» WHAT THE TASK REQUIRES: Reproduce the entries exactly as they appear below.
####
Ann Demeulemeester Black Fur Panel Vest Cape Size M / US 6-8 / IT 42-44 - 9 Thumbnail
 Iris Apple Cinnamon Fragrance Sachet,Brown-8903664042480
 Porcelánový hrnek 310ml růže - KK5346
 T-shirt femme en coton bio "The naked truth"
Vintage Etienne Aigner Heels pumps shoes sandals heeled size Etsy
####
» WRITTEN SOLUTION:
Ann Demeulemeester Black Fur Panel Vest Cape Size M / US 6-8 / IT 42-44 - 9 Thumbnail
 Iris Apple Cinnamon Fragrance Sachet,Brown-8903664042480
 Porcelánový hrnek 310ml růže - KK5346
 T-shirt femme en coton bio "The naked truth"
Vintage Etienne Aigner Heels pumps shoes sandals heeled size Etsy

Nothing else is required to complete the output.